__Task description__. A verbatim printing of the entries that follow is needed; pictures must not appear in it.
----------
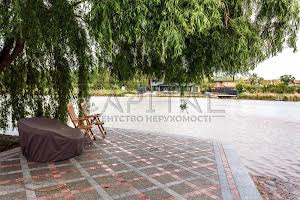 будинок за адресою с. Нові Безрадичі, Нові Безрадичі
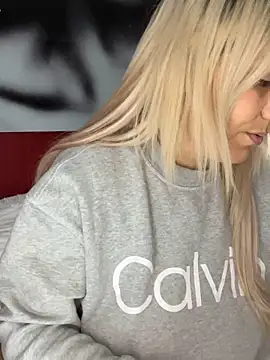 Snapshot of LittleMissEeve chatting on 12.15.25 LittleMissEeve online show from 12.15.25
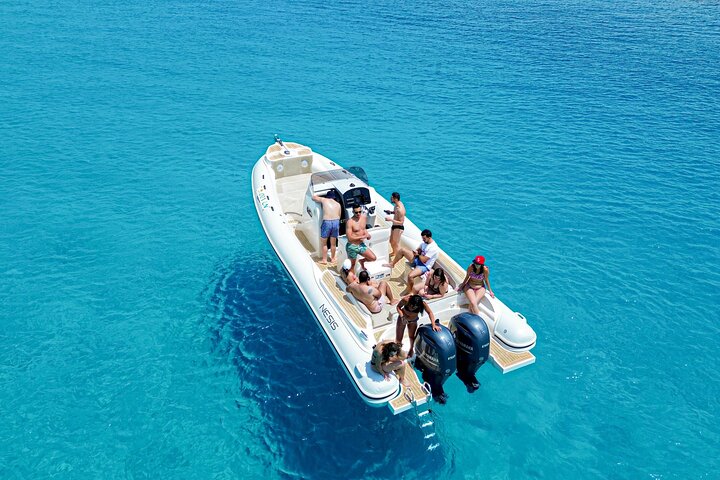 Luxury Private Tour of the Egadi Islands: Favignana&Levanzo from Trapani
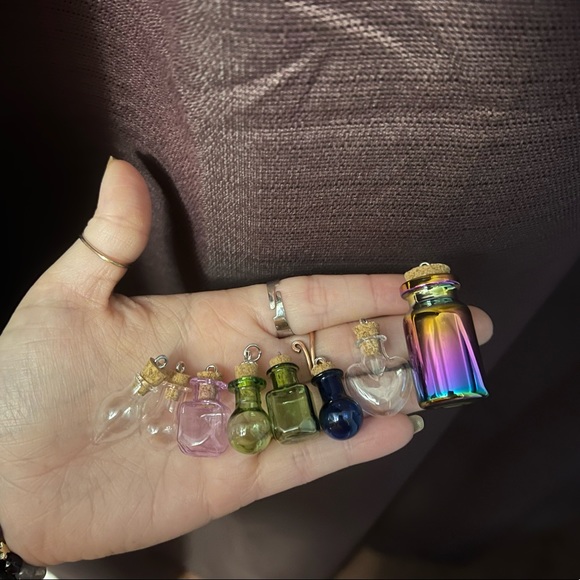 Don’t Worry, Be Happy Spell Jar Necklace 🌞 - Picture 3 of 4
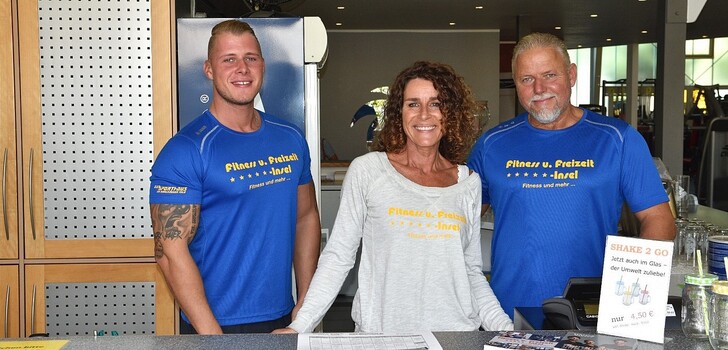 Die Fitness- und Freizeitinsel ist ein echter Familienbetrieb: v.l.n.r.: Julian, Simone und Andreas Hartmann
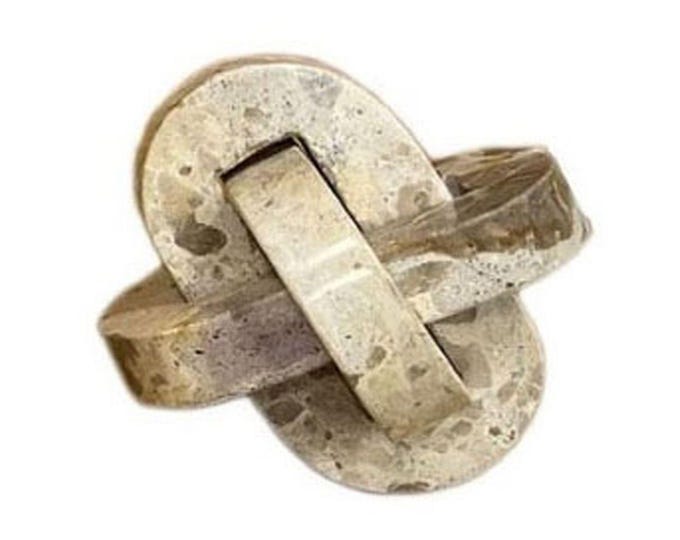 Handcrafted Gorda Knot Sculpture – Modern Decorative Accent in Natural Stone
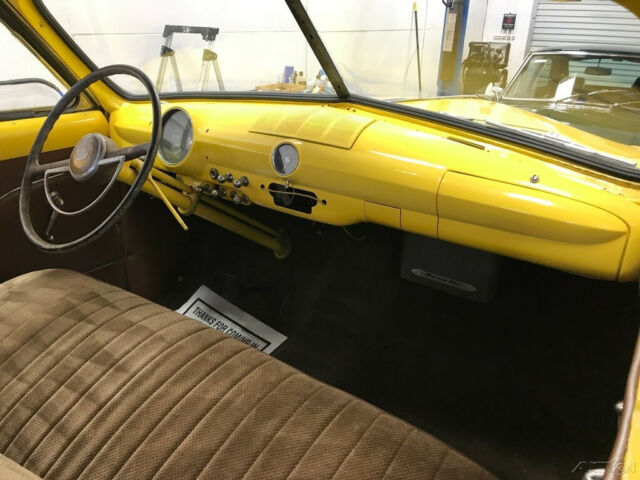 Ford Convertible 1949 image number 6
----------
__Result of the task__.
 будинок за адресою с. Нові Безрадичі, Нові Безрадичі
 Snapshot of LittleMissEeve chatting on 12.15.25 LittleMissEeve online show from 12.15.25
 Luxury Private Tour of the Egadi Islands: Favignana&Levanzo from Trapani
 Don’t Worry, Be Happy Spell Jar Necklace 🌞 - Picture 3 of 4
 Die Fitness- und Freizeitinsel ist ein echter Familienbetrieb: v.l.n.r.: Julian, Simone und Andreas Hartmann
 Handcrafted Gorda Knot Sculpture – Modern Decorative Accent in Natural Stone
 Ford Convertible 1949 image number 6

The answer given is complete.